## SUPPLIED ENTRIES

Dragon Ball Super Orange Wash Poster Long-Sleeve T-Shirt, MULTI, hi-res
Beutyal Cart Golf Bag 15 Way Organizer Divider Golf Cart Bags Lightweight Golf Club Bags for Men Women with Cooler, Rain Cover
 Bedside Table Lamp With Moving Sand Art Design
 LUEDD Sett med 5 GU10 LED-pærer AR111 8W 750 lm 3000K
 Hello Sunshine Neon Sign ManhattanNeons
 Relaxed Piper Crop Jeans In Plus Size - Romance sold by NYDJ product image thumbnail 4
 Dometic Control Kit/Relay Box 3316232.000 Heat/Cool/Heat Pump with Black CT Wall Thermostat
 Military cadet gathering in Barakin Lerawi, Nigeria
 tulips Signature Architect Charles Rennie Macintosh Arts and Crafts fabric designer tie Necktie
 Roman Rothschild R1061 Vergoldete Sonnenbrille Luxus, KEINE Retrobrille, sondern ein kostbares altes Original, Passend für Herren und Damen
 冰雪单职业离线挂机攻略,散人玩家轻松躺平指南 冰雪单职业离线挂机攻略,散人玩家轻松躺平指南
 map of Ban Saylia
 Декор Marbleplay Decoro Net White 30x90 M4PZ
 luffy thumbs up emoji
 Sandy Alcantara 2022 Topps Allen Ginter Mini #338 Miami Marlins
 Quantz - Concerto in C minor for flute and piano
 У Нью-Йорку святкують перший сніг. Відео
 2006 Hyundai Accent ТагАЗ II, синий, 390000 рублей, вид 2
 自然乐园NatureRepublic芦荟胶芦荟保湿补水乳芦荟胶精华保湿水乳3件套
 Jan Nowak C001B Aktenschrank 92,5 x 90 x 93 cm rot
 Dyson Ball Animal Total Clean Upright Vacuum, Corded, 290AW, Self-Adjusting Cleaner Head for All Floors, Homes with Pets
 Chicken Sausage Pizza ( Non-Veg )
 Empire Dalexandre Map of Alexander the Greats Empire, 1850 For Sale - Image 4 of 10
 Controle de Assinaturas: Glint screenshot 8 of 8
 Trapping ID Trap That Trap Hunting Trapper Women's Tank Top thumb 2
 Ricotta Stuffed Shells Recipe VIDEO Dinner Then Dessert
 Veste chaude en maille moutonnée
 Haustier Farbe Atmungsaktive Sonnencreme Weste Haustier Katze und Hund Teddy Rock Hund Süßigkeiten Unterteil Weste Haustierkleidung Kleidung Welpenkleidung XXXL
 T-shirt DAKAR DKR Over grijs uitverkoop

## WHAT THE EXERCISE ASKS
All lines of the material that contain the string "Ball" are to be copied.

## EXERCISE OUTPUT
Dragon Ball Super Orange Wash Poster Long-Sleeve T-Shirt, MULTI, hi-res
 Dyson Ball Animal Total Clean Upright Vacuum, Corded, 290AW, Self-Adjusting Cleaner Head for All Floors, Homes with Pets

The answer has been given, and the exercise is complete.